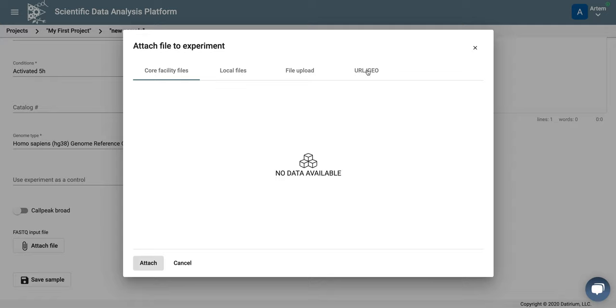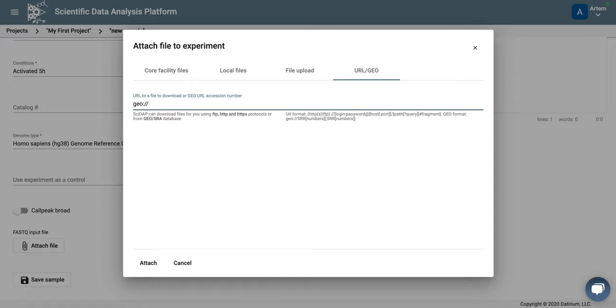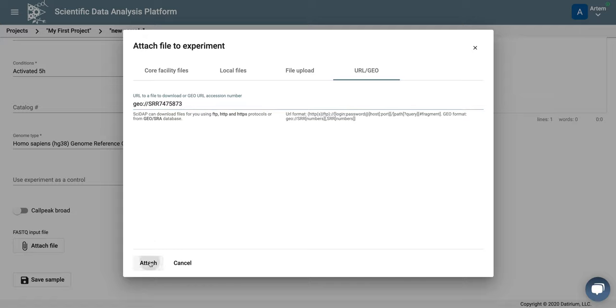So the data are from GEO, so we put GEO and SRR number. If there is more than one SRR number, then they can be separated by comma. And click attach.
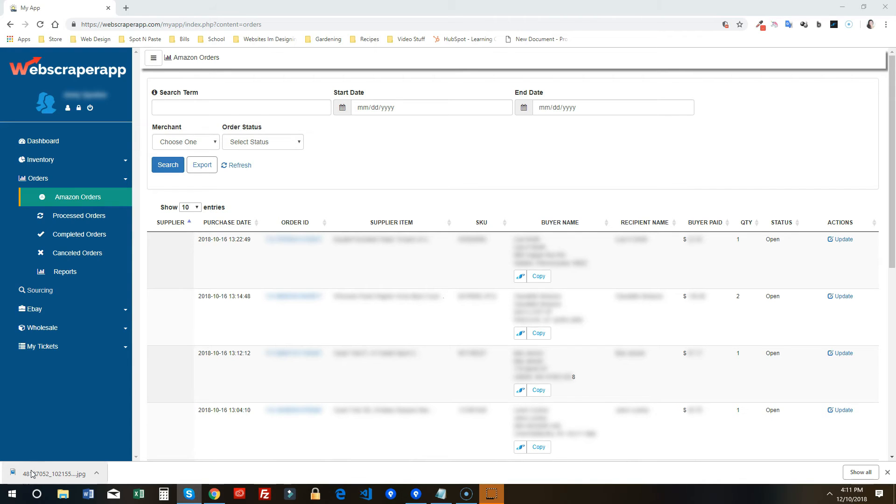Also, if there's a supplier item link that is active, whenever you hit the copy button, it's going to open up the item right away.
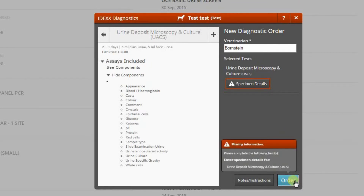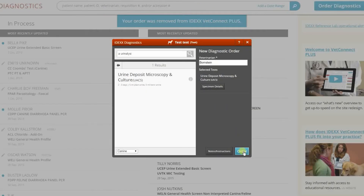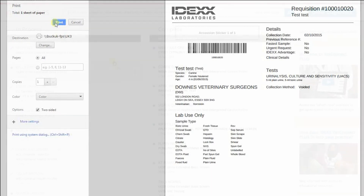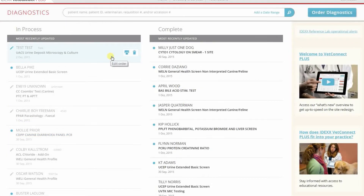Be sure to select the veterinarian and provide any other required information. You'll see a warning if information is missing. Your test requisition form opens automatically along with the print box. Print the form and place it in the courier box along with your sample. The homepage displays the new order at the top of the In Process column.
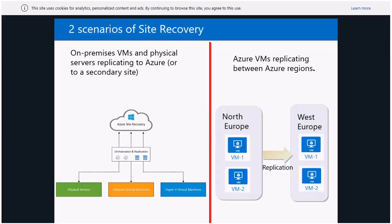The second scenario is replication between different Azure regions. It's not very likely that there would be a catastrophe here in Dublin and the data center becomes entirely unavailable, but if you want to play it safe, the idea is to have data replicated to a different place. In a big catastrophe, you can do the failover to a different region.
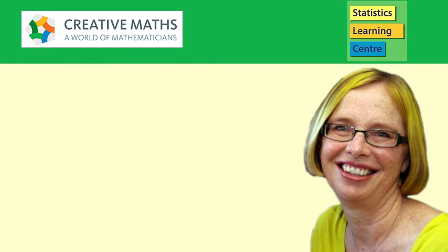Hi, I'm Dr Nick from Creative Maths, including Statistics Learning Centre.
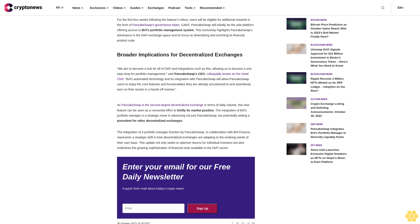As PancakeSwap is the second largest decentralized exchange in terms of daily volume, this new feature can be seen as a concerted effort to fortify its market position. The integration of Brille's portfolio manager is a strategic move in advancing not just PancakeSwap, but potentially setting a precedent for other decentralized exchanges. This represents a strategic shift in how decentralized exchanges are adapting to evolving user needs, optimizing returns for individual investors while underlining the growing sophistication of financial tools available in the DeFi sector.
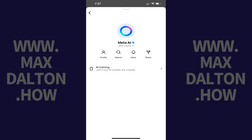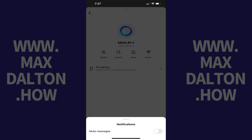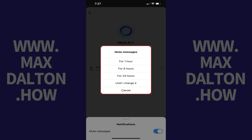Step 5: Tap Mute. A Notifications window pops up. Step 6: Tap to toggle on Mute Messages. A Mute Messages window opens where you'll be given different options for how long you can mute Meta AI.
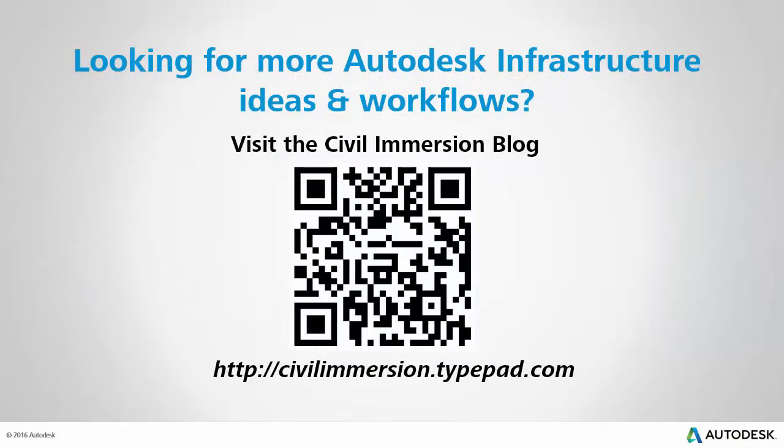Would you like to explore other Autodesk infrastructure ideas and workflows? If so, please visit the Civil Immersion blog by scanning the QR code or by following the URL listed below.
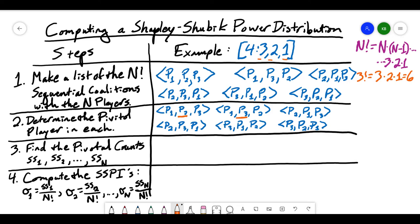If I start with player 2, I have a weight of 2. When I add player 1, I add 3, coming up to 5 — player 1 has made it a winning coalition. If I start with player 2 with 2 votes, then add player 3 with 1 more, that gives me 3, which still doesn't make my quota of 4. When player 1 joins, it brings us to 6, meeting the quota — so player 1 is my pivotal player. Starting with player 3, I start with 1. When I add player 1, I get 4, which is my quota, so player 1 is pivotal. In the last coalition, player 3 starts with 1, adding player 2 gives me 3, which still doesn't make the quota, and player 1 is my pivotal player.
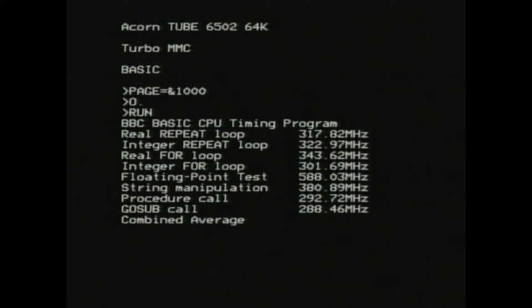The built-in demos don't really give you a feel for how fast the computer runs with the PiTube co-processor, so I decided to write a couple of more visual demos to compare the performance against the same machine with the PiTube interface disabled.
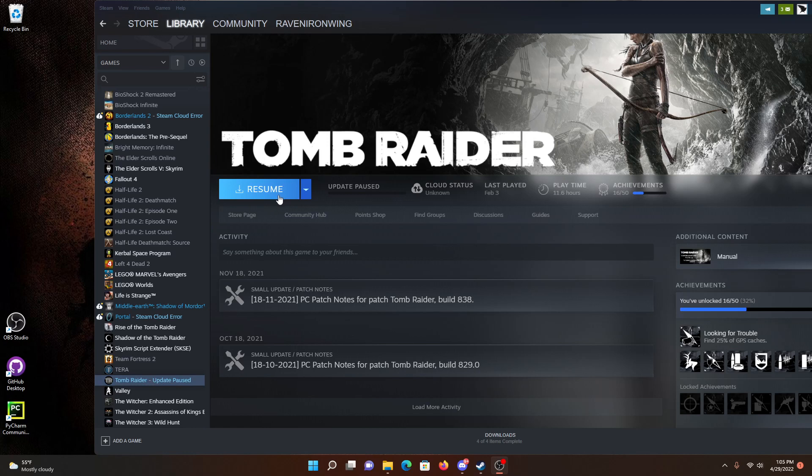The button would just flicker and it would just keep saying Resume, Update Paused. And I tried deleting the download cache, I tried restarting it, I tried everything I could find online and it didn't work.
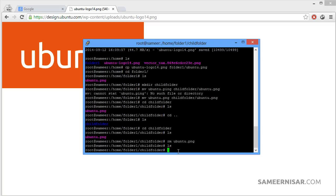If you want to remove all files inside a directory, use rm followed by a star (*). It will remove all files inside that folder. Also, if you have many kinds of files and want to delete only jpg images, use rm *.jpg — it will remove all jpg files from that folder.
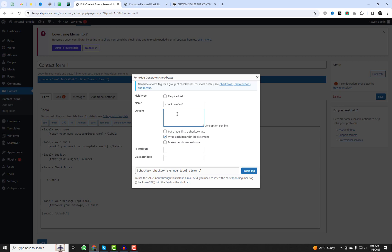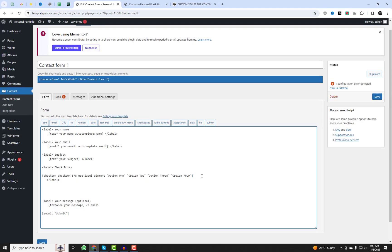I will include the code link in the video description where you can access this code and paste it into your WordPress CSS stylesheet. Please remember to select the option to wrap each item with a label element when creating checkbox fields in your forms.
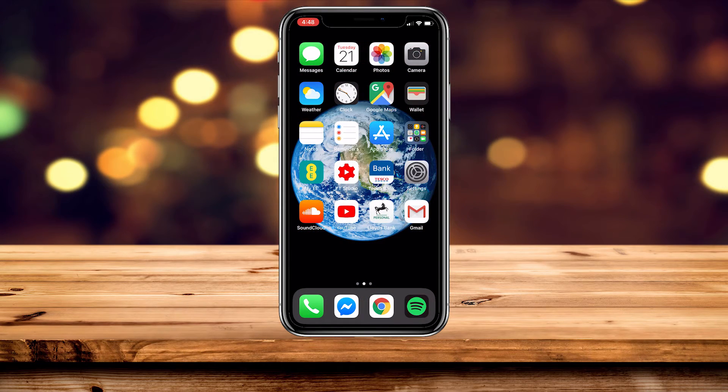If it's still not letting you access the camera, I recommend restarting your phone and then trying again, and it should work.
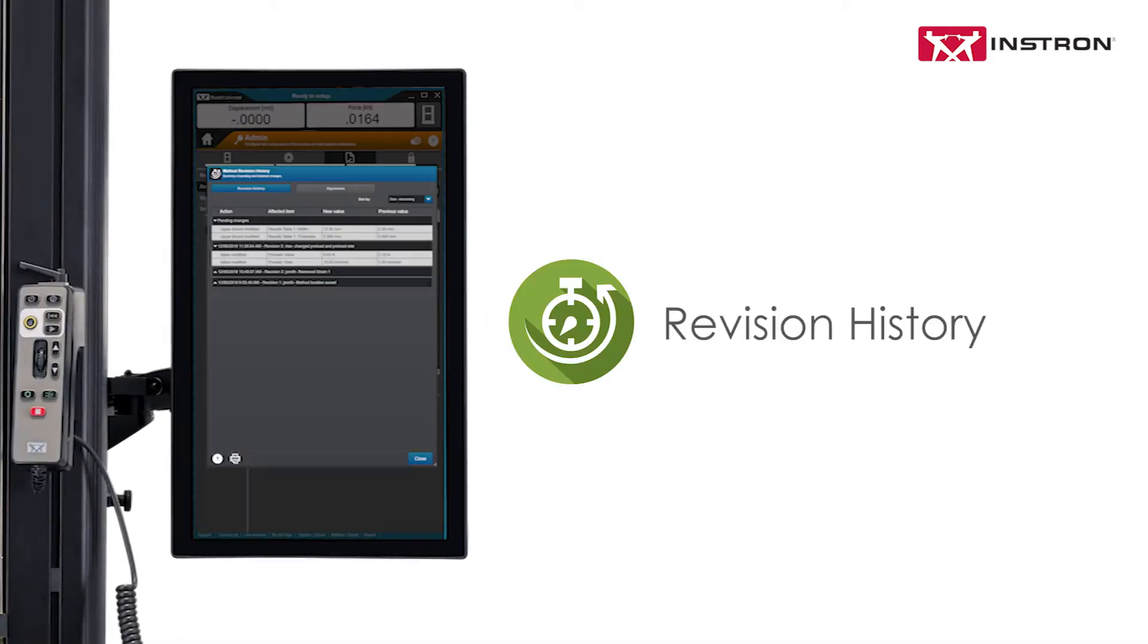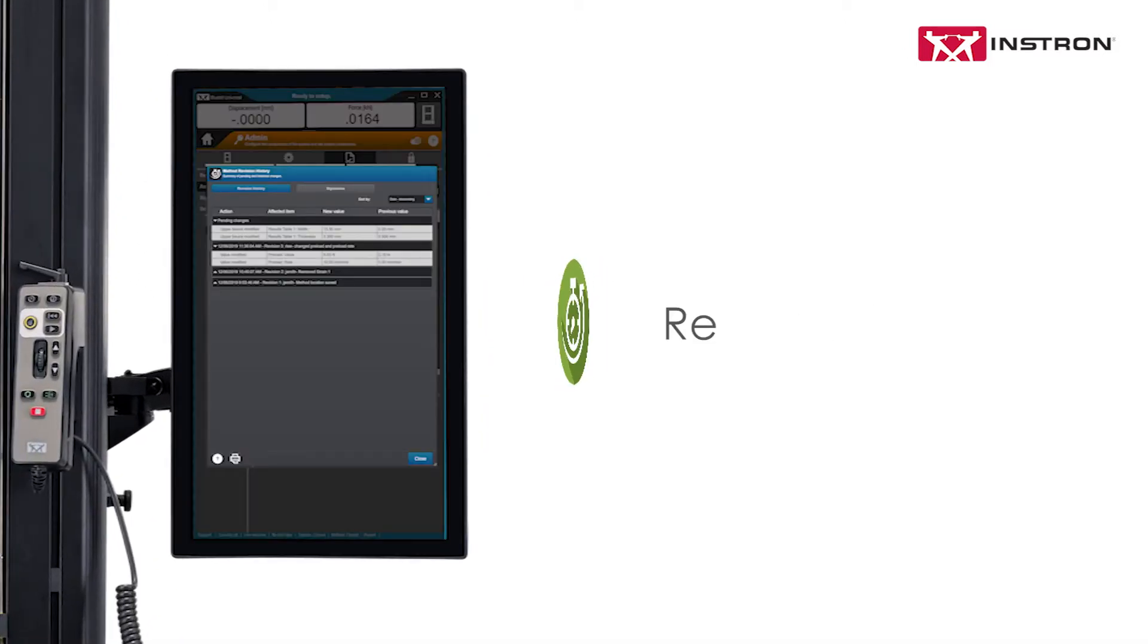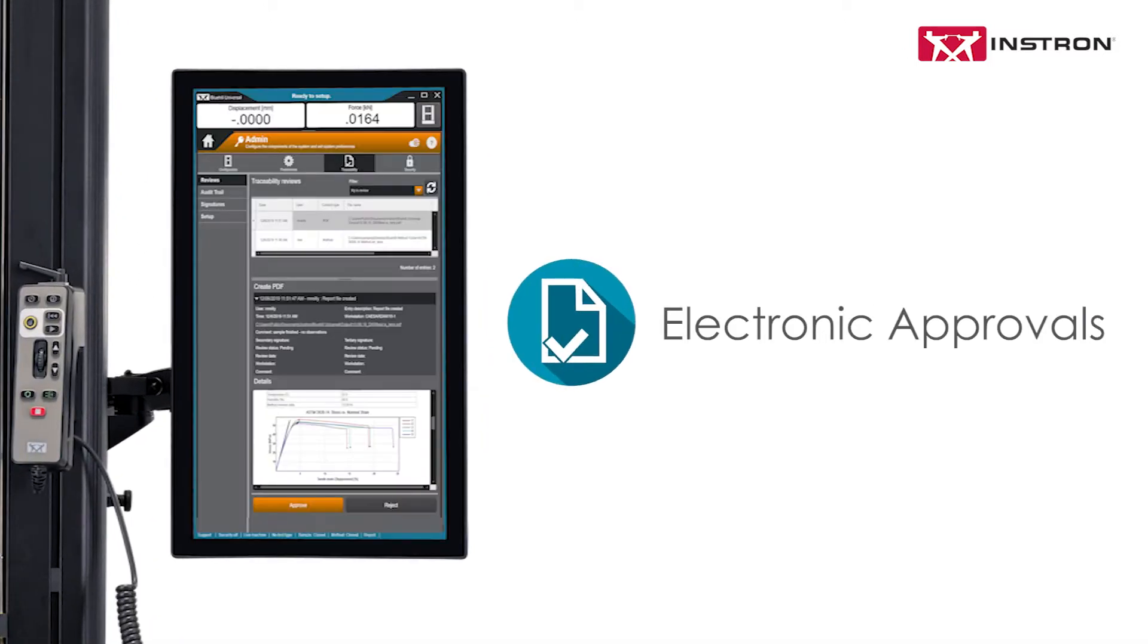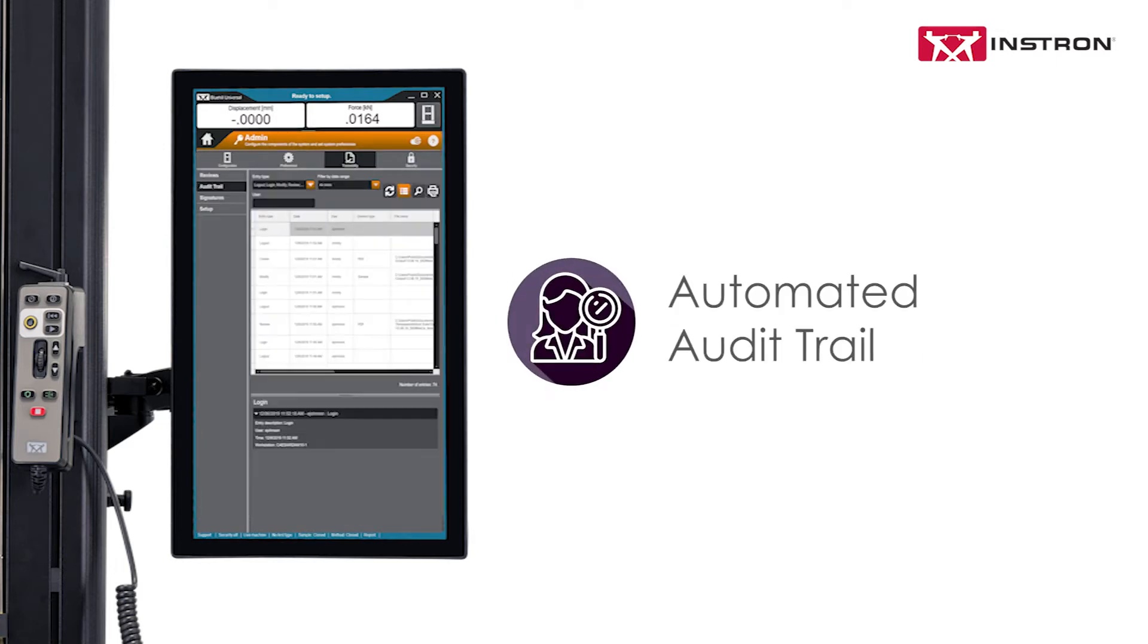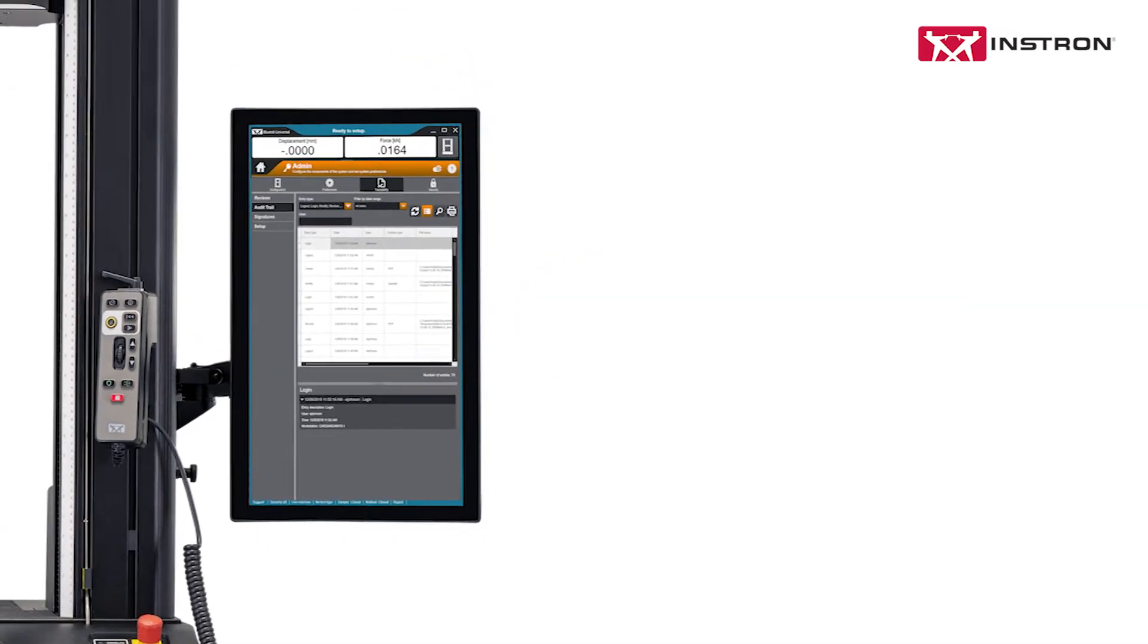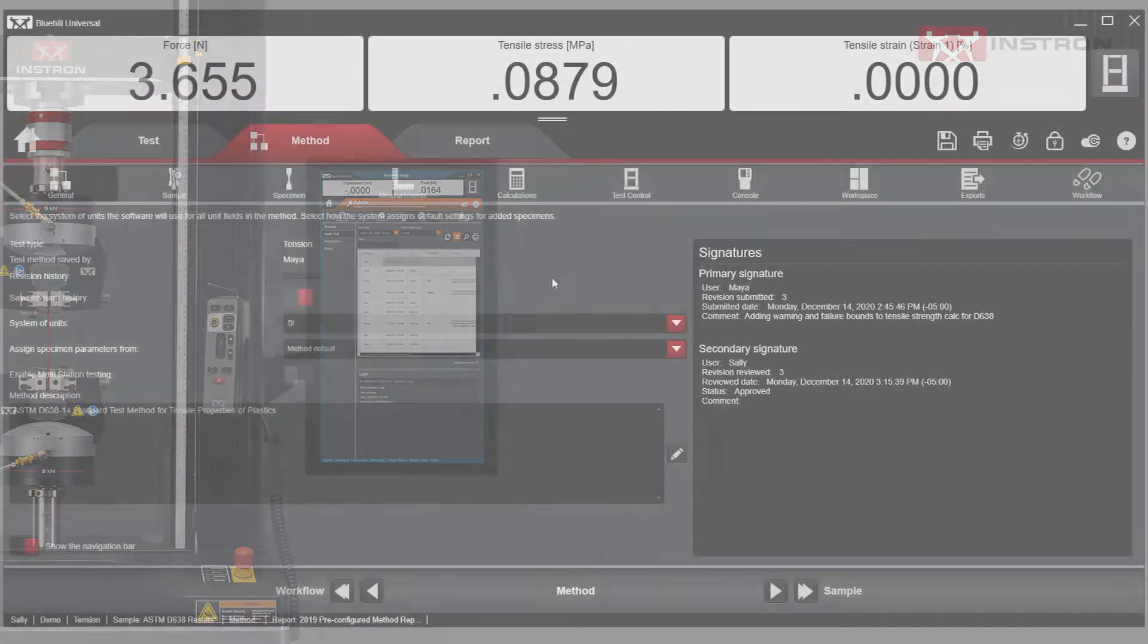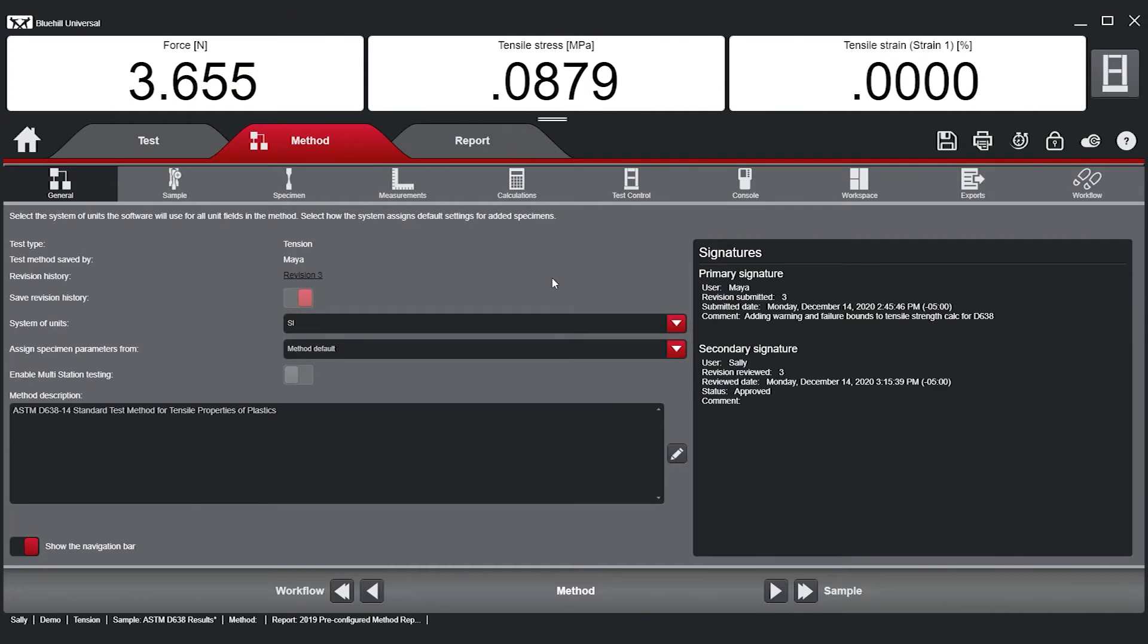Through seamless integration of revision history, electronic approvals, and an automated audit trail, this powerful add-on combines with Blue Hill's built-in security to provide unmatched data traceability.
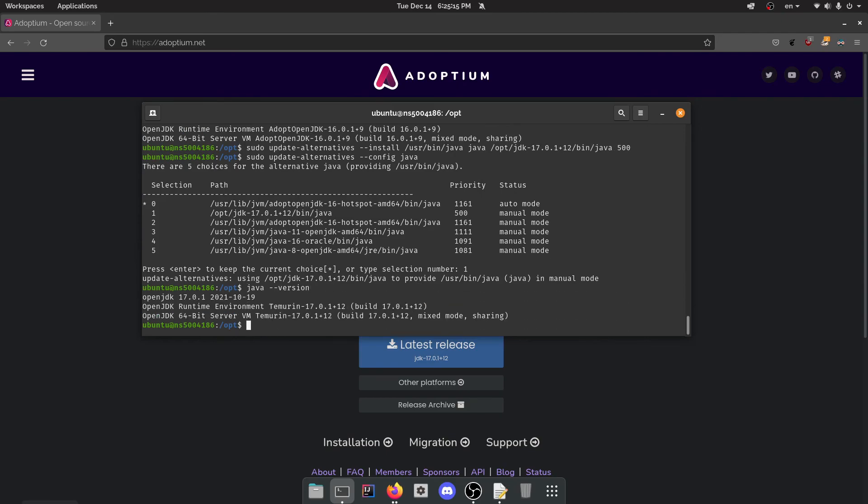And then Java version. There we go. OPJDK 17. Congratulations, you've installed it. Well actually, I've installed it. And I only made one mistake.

---*---

→ **Problem to work on**: Would you copy out, exactly and with no pictures, only the lines above from the one that contains "Step 5: Tap" through the one that contains "Would you like"?

→ **Task output**:
Step 5: Tap Mute. A Notifications window pops up. Step 6: Tap to toggle on Mute Messages. A Mute Messages window opens where you'll be given different options for how long you can mute Meta AI.
Would you like to explore other Autodesk infrastructure ideas and workflows? If so, please visit the Civil Immersion blog by scanning the QR code or by following the URL listed below.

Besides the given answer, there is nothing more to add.